Regarding look-ahead bias, do we throw the baby out with the bathwater? As I argued earlier, some look-ahead bias is absolutely inevitable simply because FactSet didn’t have the data it now has and Portfolio123 wasn’t always in existence. But we have gone to tremendous lengths to eliminate it as much as possible. Show me another backtesting engine that has less look-ahead bias than we have.
Information about the FactSet estimate data that we’re using is here: https://www.factset.com/marketplace/catalog/product/factset-estimates-consensus
All estimate and fundamental data is updated daily except for EPS revisions, which are updated weekly. By EPS revisions I mean the CurQUpRev, CurQDnRev, CurFYUpRev, CurFYDnRev, NextQUpRev, NextQDnRev, NextFYUpRev, NextFYDnRev, and TotRevisions factors.
Philip writes, “the fact that the sims always outperform the ports OOS suggests there is look-ahead bias and there is something quite problematic.” This is absolutely not the case. I took 20 live portfolios, none of which were updated in the last two years, and ran them as sims over the last two years, and compared the 2021 performance of each live portfolio to the corresponding sim. In twelve cases, the simulation did better, and in eight cases the portfolio did better. Statistically, this is no better than random.
Philip also wrote, “I just want to confirm that the fundamentals / pricing data is perfect PIT? Ie. sim vs. port would be the same if I only use fundamental / pricing data.” Certainly not! This was never the case with Compustat, and is certainly not the case with FactSet. Perfect PIT exists only in your imagination. Live strategies have never matched their corresponding simulations perfectly, whether relying on estimates or not. There are always going to be differences in stocks chosen simply because the mathematics of ranking systems are extremely sensitive to very tiny changes.

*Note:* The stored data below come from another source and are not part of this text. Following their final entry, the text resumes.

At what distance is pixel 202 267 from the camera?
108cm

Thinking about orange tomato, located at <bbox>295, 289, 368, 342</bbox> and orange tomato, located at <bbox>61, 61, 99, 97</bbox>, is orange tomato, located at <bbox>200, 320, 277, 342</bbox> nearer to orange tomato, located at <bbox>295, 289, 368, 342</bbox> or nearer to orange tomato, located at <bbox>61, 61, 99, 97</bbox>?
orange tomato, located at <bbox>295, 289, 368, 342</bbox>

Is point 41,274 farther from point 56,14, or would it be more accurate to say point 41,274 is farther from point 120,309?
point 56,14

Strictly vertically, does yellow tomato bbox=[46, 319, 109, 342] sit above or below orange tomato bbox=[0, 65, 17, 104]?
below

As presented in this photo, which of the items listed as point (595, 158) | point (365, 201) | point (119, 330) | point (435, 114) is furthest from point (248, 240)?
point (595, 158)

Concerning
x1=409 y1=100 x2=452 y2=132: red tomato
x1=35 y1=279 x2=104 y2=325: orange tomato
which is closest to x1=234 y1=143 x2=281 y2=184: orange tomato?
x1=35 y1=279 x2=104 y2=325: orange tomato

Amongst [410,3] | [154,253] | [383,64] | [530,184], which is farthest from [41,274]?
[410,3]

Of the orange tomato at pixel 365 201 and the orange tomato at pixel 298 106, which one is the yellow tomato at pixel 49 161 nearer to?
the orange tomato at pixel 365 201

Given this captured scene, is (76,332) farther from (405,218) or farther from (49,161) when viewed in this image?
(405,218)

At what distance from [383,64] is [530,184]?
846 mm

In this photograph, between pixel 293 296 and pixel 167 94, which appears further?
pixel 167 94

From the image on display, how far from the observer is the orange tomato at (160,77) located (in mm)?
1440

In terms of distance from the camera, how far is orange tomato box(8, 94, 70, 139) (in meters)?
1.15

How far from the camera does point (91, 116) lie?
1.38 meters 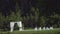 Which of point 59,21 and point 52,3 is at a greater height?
point 52,3

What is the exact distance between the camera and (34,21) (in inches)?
191

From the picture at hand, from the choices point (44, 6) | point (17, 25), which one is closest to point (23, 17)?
point (17, 25)

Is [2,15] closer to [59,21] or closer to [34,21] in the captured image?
[34,21]

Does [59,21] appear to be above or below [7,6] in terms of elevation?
below

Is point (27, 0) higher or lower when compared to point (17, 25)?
higher

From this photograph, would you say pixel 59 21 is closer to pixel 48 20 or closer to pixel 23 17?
pixel 48 20

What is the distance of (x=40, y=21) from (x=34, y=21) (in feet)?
0.44

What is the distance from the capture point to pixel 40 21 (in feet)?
15.9

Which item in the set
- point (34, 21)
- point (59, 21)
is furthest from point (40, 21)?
point (59, 21)

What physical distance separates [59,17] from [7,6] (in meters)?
1.21

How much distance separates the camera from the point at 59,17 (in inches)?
192

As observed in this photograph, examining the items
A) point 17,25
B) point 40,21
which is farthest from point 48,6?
point 17,25

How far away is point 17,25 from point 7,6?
0.49 meters

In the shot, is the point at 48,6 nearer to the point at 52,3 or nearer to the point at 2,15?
the point at 52,3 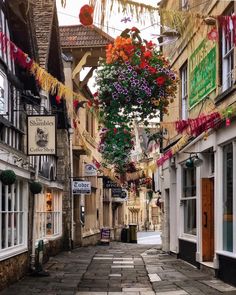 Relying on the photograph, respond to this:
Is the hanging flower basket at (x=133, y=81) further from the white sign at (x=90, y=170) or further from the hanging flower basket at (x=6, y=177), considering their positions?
the white sign at (x=90, y=170)

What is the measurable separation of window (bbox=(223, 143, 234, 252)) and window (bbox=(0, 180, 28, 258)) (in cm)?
453

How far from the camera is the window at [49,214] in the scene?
54.4 ft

I’d like to sum up this issue as follows. Financial data is extremely imprecise. What do we measure when we use financial data? We measure what companies decide their data is. We measure subjective things. As I put it in my webinar, “In most sciences—and even a lot of sports—you can work with completely objective statistics such as height, weight, and distance—or field goal percentage, rebound percentage, and number of points scored per game. But not in finance. Almost every single number on a financial statement is an interpretation by the company’s accountants and officers.”
These subjective things are then put into ranking systems, which depend on extremely minute differences to calculate ranks. Many nodes, for instance, are dependent on industry composition; if one stock in the industry disappears from or gets added to that industry, the node rank will change; even more frequent would be a value in one stock changing from an N/A to an actual number, which will affect all other stocks in the industry. I’m sure you can come up with dozens of other examples where even the flap of a butterfly wing will change a rank.

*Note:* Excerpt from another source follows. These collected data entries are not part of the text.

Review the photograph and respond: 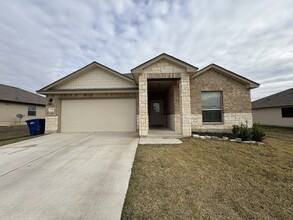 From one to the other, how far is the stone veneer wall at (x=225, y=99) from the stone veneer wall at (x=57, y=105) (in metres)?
4.41

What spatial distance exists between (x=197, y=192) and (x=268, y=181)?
202 centimetres

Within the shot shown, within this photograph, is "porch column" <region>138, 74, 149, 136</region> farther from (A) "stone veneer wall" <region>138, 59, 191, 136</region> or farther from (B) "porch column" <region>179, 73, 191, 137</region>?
(B) "porch column" <region>179, 73, 191, 137</region>

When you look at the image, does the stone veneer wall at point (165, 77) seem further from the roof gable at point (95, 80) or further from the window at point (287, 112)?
the window at point (287, 112)

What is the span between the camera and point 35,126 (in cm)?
1160

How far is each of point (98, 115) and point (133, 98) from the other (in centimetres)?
292

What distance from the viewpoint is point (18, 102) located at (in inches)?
845

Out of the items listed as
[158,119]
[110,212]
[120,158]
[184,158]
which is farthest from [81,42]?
[110,212]

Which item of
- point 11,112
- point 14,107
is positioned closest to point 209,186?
point 11,112

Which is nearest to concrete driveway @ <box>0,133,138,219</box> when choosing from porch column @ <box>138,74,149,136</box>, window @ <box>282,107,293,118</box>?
porch column @ <box>138,74,149,136</box>

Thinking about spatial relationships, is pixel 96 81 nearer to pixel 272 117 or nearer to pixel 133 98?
pixel 133 98

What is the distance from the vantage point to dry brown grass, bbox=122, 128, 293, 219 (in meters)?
2.75

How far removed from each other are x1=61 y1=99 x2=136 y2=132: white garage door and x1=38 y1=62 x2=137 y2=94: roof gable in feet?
3.65

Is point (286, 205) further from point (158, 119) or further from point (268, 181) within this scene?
point (158, 119)

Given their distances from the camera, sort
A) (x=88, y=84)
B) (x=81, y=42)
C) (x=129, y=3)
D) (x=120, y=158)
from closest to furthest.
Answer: (x=120, y=158) → (x=129, y=3) → (x=88, y=84) → (x=81, y=42)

I think it’s a huge mistake to expect precision in anything to do with finance. “It is better to be vaguely right than exactly wrong,” said Carveth Read. That is a fundamental rule of logic, but it applies especially to finance, which is as inexact as any system of data can possibly be. (If there is a more inexact system of data, I’d like to hear about it.)
I am a firm believer in backtesting. But I know that my backtested results are mutable, approximate, and chimerical, and that the correlation between in-sample and out-of-sample performance is always going to be very low (Best-case scenario? About 0.1 IMHO). Why? Not because of any flaws in the backtesting system. Backtesting using Portfolio123’s simulation and ranking tools is by far the best available. Simply because of the nature of markets and the nature of financial data.
Sorry to spout on at length, but this discussion seems to have gotten away from the fundamental facts about the way Portfolio123 works. I have never once seen completely exact replication of results, and don’t expect to. I have seen good approximations of results, and I think users should be happy with that.